2024.10.04 – Louro de Carvalho

quinta-feira, 3 de outubro de 2024

Limite de idade pode impedir Amadeu Guerra de concluir o mandato

 

Fiquei surpreendido com o geral aplauso à escolha de Amadeu Guerra – de 69 anos de idade e aposentado desde há quatro anos –, para procurador-geral da República.

O aplauso veio de todos os partidos, embora com alguns líderes a lamentar que o governo não os tenha ouvido – mas com o secretário-geral do Partido Socialista (PS) a referir que fora informado da escolha antes da sua divulgação e que nenhuma norma legal impõe que o principal partido da oposição seja consultado para o efeito –, tal como veio da generalidade dos magistrados judiciais e do Ministério Público (MP), incluindo a incumbente, dos diversos cronistas e comentadores na comunicação social e até de alguns advogados. A exceção à regra terá sido a bastonária da Ordem dos Advogados (OA), que referiu não competir à Ordem pronunciar-se sobre a escolha em causa, mas que lhe desejava sucesso no desempenho do cargo.

É certo que alguém, sustentando que Amadeu Guerra fora o braço direito de Joana Marques Vidal (como elogio), referia que dela se desentendera e batera com a porta, deixando o cargo de diretor do Departamento de Investigação e Ação Penal (DCIAP). Exerceu-o entre 2013 e 2019.   
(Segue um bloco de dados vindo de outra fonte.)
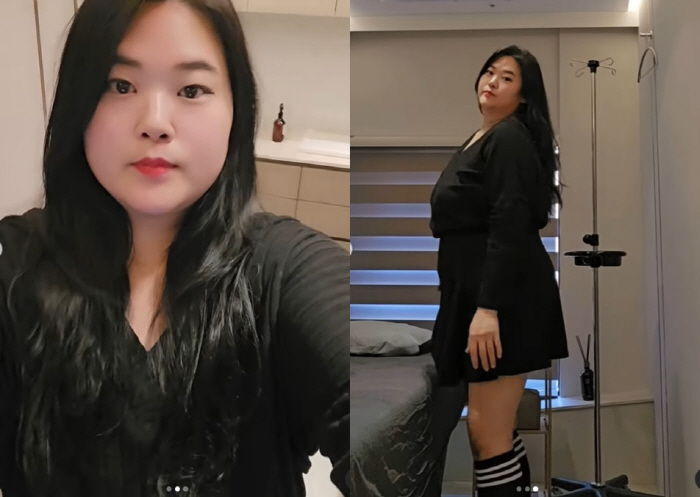 '이혼' 미나 시누이, 60kg 감량 후 명품 턱선..로또급 비주얼 변화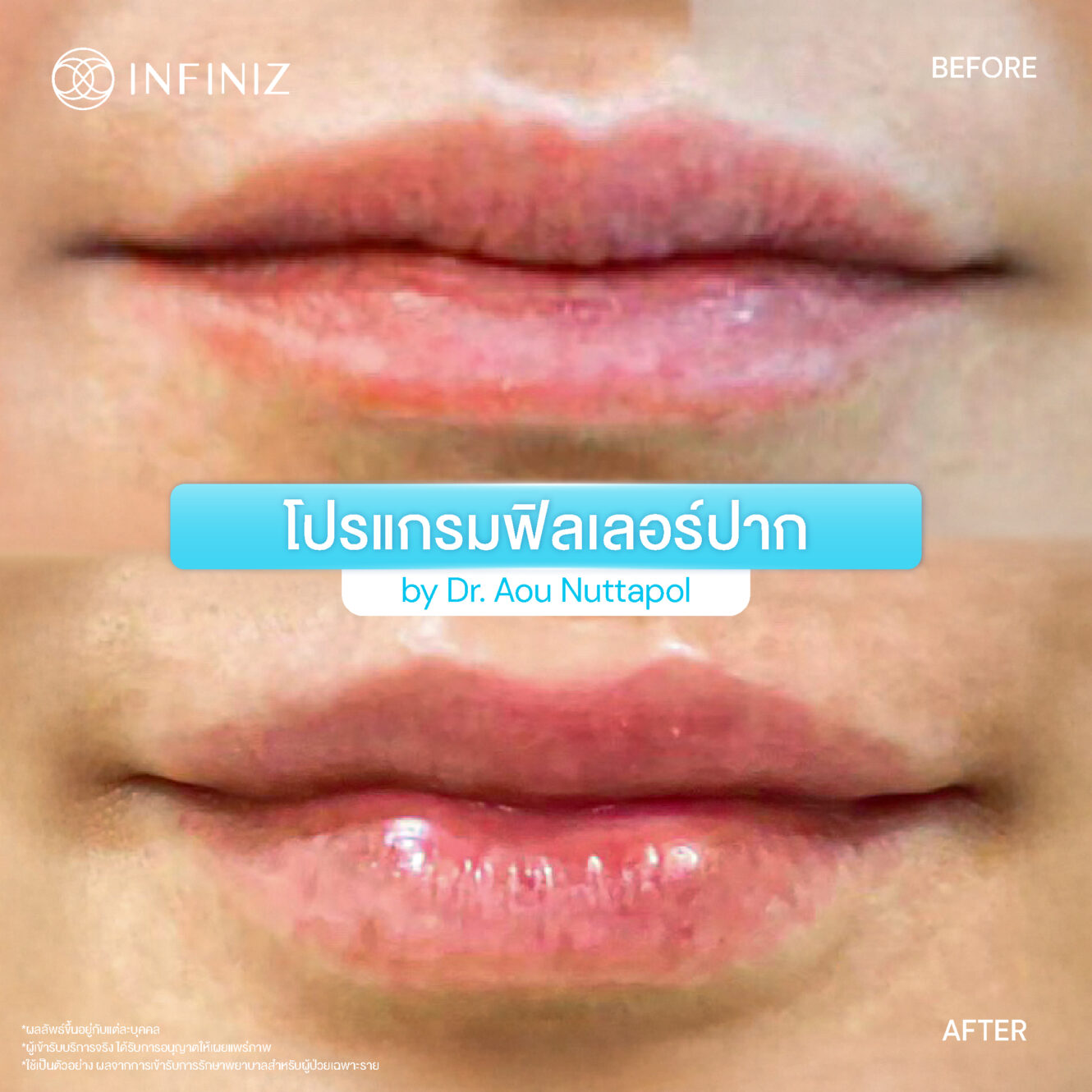 BA Lip Aug 25 09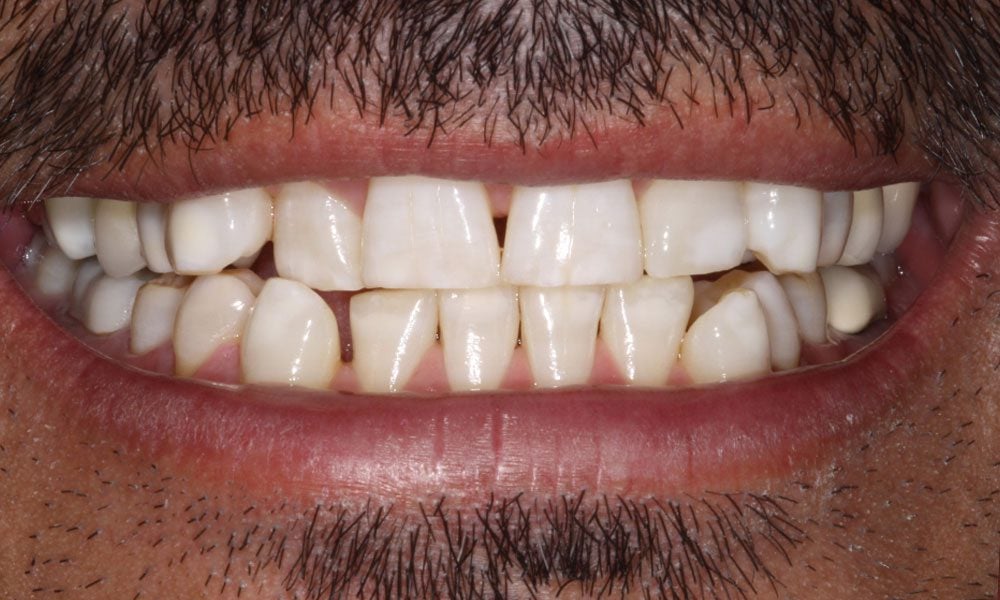 invisalign-case-19-before-image-2 invisalign-case-19-before-image-2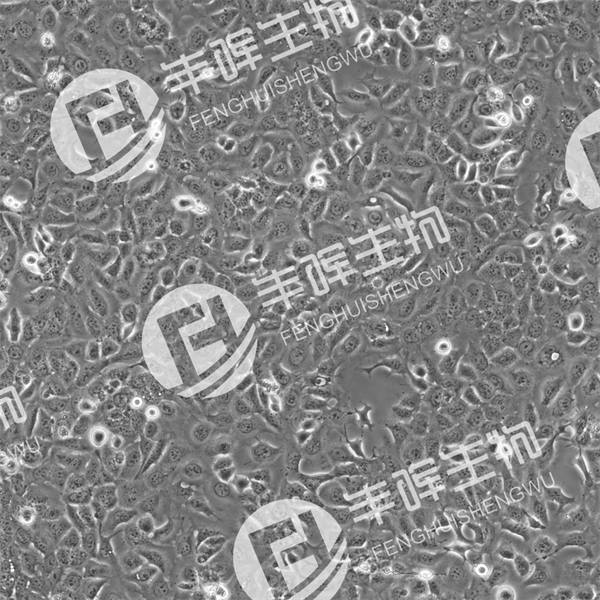 Tu686细胞（人喉癌细胞）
Por mim, estranhei que a escolha tivesse recaído numa pessoa aposentada há quatro anos, doente e perto de completar 70 anos de idade. E lembrei-me de que o penalista Costa Andrade, então jubilado e de 72 anos de idade, fora eleito pela Assembleia da República (AR) para juiz do Tribunal Constitucional (TC) e cujos pares elegeram como presidente. Manteve-se no cargo durante dois anos. Também um reitor de uma Universidade foi impedido de se recandidatar, porque, a meio do mandato, completaria 70 anos de idade. Por isso, estranhei a escolha.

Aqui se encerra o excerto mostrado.